壁灯的光从侧面照过来,把那道细细的银色弧线照得清清楚楚。
林昭的目光落在那枚戒指上。
整个人像被钉住了。
这枚戒指他认得。
五年前他亲手做的,内圈刻着他和程驰名字首字母的缩写,外圈没有任何花纹,素净的哑光银面,戴在程驰骨节分明的手指上刚好合适。

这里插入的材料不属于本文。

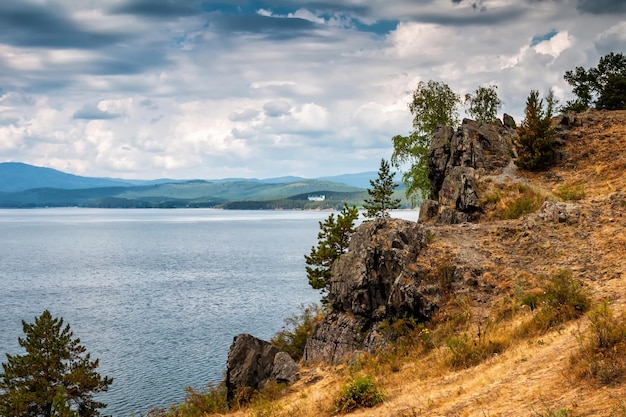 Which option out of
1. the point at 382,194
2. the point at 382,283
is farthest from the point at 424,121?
the point at 382,283

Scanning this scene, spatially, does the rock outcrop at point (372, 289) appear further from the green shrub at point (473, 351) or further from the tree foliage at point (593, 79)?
the tree foliage at point (593, 79)

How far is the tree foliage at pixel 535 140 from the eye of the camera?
40438 millimetres

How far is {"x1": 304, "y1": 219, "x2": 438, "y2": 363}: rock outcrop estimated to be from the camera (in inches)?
1048

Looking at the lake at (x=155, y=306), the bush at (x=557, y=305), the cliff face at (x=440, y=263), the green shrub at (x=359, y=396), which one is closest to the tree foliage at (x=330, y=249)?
the lake at (x=155, y=306)

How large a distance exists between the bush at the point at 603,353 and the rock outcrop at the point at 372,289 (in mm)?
10661

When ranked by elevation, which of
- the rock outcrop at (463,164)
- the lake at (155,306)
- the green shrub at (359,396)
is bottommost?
the lake at (155,306)

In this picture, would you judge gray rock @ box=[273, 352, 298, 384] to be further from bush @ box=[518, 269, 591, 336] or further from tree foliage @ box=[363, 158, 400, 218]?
tree foliage @ box=[363, 158, 400, 218]

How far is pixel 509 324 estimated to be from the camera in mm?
21781

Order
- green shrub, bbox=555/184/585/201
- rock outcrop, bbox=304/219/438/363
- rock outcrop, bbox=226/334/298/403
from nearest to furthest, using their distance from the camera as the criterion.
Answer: rock outcrop, bbox=304/219/438/363
rock outcrop, bbox=226/334/298/403
green shrub, bbox=555/184/585/201

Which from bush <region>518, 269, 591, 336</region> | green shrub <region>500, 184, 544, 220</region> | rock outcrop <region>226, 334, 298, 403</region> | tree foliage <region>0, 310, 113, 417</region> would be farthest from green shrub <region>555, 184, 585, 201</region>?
tree foliage <region>0, 310, 113, 417</region>

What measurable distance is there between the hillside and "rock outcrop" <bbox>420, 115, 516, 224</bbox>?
5.46 feet

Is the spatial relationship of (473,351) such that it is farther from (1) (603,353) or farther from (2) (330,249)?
(2) (330,249)

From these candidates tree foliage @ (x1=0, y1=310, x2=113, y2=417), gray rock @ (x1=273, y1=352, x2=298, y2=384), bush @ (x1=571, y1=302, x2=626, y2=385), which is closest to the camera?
bush @ (x1=571, y1=302, x2=626, y2=385)

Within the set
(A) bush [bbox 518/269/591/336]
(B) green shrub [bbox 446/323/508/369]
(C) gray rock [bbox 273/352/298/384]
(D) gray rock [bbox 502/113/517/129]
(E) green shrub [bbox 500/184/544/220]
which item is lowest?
(C) gray rock [bbox 273/352/298/384] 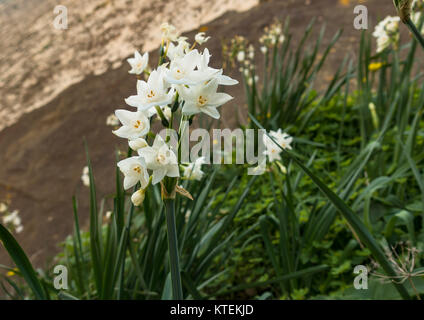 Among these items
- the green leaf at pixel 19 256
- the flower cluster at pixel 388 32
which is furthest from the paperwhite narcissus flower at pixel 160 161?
the flower cluster at pixel 388 32

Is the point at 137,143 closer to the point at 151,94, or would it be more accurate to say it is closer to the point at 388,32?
the point at 151,94

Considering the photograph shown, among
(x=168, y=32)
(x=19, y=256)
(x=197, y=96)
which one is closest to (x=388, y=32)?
(x=168, y=32)

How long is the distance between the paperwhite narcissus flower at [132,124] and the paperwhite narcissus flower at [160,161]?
5cm

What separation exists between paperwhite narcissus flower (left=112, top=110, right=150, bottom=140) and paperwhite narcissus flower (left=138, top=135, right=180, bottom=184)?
47mm

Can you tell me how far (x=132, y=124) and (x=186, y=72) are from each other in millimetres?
120

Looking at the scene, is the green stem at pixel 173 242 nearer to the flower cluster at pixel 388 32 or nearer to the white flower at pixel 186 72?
the white flower at pixel 186 72

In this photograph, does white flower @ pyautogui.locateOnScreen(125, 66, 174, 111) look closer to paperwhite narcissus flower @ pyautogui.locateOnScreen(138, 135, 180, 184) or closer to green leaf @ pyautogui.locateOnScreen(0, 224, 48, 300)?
paperwhite narcissus flower @ pyautogui.locateOnScreen(138, 135, 180, 184)

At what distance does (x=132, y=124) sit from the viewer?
1.96 ft

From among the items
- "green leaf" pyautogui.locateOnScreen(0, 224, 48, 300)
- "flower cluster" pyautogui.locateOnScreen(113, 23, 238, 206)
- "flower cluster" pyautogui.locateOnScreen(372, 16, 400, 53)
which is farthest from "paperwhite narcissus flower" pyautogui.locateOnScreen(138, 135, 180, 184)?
"flower cluster" pyautogui.locateOnScreen(372, 16, 400, 53)

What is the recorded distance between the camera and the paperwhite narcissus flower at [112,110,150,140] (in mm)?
584

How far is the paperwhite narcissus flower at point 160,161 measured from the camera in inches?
21.2

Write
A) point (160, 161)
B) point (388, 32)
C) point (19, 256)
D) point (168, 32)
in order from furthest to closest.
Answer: point (388, 32) → point (168, 32) → point (19, 256) → point (160, 161)

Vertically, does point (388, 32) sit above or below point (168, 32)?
above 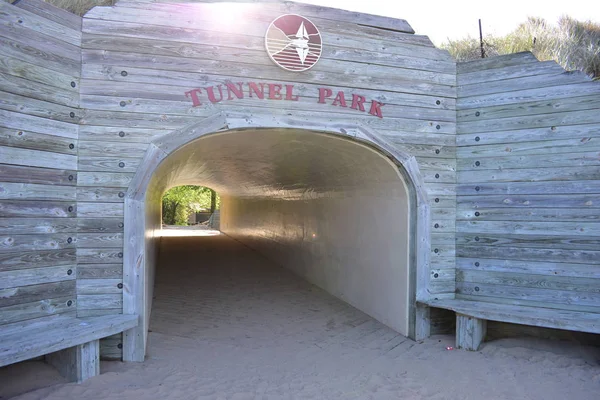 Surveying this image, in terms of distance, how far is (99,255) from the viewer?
4734 mm

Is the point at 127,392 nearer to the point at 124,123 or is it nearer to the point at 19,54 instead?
the point at 124,123

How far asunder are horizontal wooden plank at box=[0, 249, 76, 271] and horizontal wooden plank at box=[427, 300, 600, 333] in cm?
431

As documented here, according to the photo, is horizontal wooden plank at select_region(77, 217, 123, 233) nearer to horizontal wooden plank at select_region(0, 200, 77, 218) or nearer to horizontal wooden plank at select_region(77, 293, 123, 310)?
horizontal wooden plank at select_region(0, 200, 77, 218)

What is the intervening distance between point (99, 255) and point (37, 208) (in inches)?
30.7

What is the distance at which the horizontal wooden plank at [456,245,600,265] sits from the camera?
525 centimetres

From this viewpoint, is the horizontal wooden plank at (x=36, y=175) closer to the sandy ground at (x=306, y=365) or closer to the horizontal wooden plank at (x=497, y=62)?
the sandy ground at (x=306, y=365)

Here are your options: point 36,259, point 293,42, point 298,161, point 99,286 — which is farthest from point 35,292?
point 298,161

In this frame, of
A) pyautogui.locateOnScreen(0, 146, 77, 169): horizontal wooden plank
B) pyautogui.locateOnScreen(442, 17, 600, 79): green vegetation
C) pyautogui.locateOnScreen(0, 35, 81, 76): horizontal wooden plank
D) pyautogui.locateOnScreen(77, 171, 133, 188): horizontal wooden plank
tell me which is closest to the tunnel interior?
pyautogui.locateOnScreen(77, 171, 133, 188): horizontal wooden plank

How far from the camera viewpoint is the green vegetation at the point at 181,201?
109 feet

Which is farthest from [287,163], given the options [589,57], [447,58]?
[589,57]

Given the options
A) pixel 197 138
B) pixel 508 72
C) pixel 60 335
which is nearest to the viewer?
pixel 60 335

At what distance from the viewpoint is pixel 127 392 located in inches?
165

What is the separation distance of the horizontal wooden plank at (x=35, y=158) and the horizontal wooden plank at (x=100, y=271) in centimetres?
107

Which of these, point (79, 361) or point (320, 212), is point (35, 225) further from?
point (320, 212) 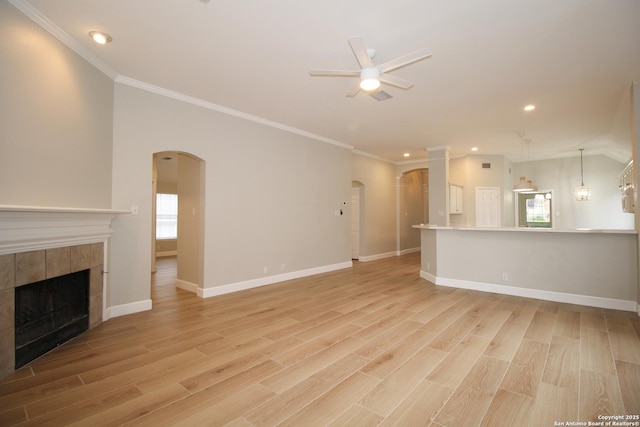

他记得程驰收到的时候笑着说,“你可想好了,送给我,就一辈子不能要回去了。”
那日海上日出,金光洒满细滩。
林昭背着程驰,迎着海风说,“我要的,就是你的一辈子。”
现在那枚戒指还在程驰的无名指上。
林昭的眼神变了。
那些冻着的冰面裂开了一道缝,底下涌上来的是某种更烫的、更不可控的东西。
他冷笑了一声,声音从齿缝里挤出来,“怎么,还戴着我送的戒指,忘不掉我?”
程驰低头看了一眼自己无名指上的银戒。
他沉默了两秒,然后抬起手,把戒指亮到林昭眼前。
“那你可得好好看看。”他说,“这可不是当年那枚。”
林昭瞳孔颤了一下。
他看清了,这枚戒指的做工和当年那枚几乎一模一样。
同样的哑光银面,但这枚明显比当年那枚窄,做工更加精细。
当年那枚戒指是林昭亲手做的,上面哪些地方有划痕,他记得很清楚。
这枚没有。
程驰还举着手,戒指在他无名指上松松地套着,因为刚才攥拳的力道在指上勒住一道红痕。
他看着林昭的反应,等着他消化这个信息。
林昭的表情从冷怒变成了一种更复杂的东西。
他的目光在那枚空白的戒指上停了好几秒,然后缓缓上移,重新对上程驰的眼睛。
那眼神里翻涌的东西太多,旧恨、新怨、困惑、猜疑,但在最后,变成了一种释然。
“看来这些年你过得不错。”林昭的声音有点低,低到几乎是从胸腔里震出来的,“这样最好,省去我很多麻烦。”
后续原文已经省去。